KONYA, bugün bir büyük âlimini kaybetti;
ama yeni bir Mevlana’sını buldu.
Çünkü Konyalılar için yeni bir ziyaretgâh oluştu.
Her gün sürüklenip yaşamak ruha bâr olur.
İnsan duyar, yerin dile gelmiş sükûtunu;
Bir başka musikiye geçiş farz eder bunu;
Teslim olunca vadesi gelmiş zevaline,
Benzer cihana gelmeden evvelki haline
Dediği gibi Yahya Kemal’in, insan bir gün elbet döner aslına; ruh üfleyicisine, beden de geldiği yere yani toprağın bağrına.
İnsanı şerefli kılan üfürülmüş ruhtur, yani “ruhu menfuh”. Zira o, Rabbimizdendir. Toprağı / bedeni şerefli kılan da hiç şüphesiz içindeki ruhtur.
Ruhu bedenine hâkim olan insanlar, dünyanın sulh u salahına çalışır, fesadın ortadan kalkması için uğraşır bir ömür boyu. Allah’a ibadet edenlerin sayısını çoğaltabilmek için gecesini gündüzüne katar. Etrafındakilerin sevabının azlığına da günahlarının çokluğuna da üzülür. Bütün bunlardan sorumlu tutar kendini. Mensubiyetleri mesuliyetlerini artırır. Bundan dolayıdır ki, sevilir Rabbimiz tarafından. O, sevdi mi sevdirir çünkü. İşte Allah’ın sevmesiyle sevilen bir kuldu, Tahir BÜYÜKKÖRÜKÇÜ Hocamız. O, iman közünü körükleyen, parlaması için nefesini tüketen biriydi. İsmiyle müsemmaydı: Tahir, yani temizdi; iman közünü üfleyen bir körüktü.
Konya kıymetli bir şehir… Lakin Konya’yı kıymetli kılan ne toprağı, ne suyu; belki bağrında yatan enbiya, evliya, suleha, şühedadır. Eskilerin tabiriyle “şerefü’l – mekân bi’l-mekin” yani bir mekânın şerefi, içinde barındırdıklarıyladır.
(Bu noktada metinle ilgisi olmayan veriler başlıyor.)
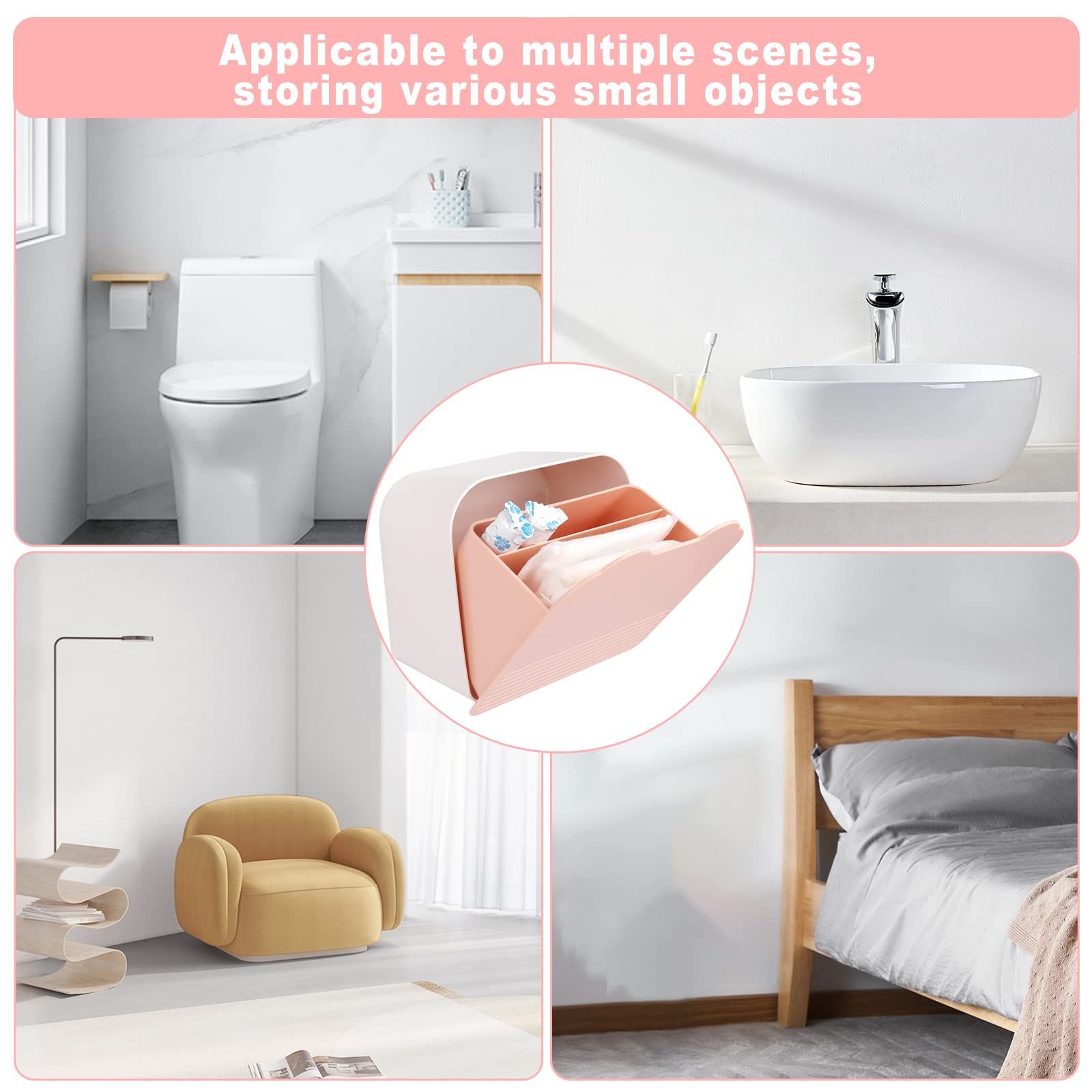 Sanitary napkin storage box wall mounted miscellaneous storage rack basket wall mounted bracket rack storage box compartment โ image 2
Mekke’yi, Medine’yi, Kudüs’ü şerefli kılan da bu değil midir?
Tahir Hocamız, Konyalı olduğu için kıymet değildir; belki Konya’yı, Tahir Hoca ve onun gibi zevat-ı kiram teşrif etmişlerdir.
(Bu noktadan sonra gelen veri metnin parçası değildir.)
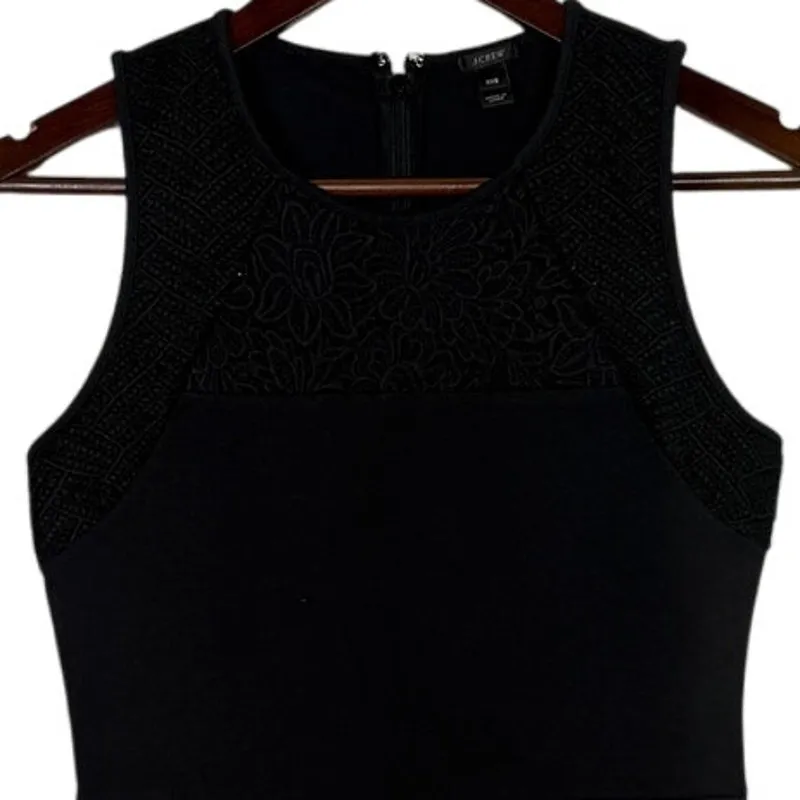 J. Crew Floral Lace Detail Peplum Sleeveless Blouse Stretch Back ZipUp XXS Black - Image 2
Bütün nüfusu bir milyon olan bir şehirde beş yüz bin kişilik bir cenaze töreni de gösteriyor ki, ömrünü kürsülerde insanlığın ıslahı, Allah ve Resulü ile onların yolunda gidenlerin sevgisini anlatmakla geçiren bir “aşk eri” var karşımızda. Pazar günü Konya’da bir insan seli değil, bir sevgi seli aktı. Sevgiliye akan bir seldi bu. Fethedilmiş gönüllerin seliydi.
O, sevenlerinden ayrıldı, sevgilisine kavuştu.
Biz sadece “şeb-i arus”a tanıklık ettik, ve’sselam.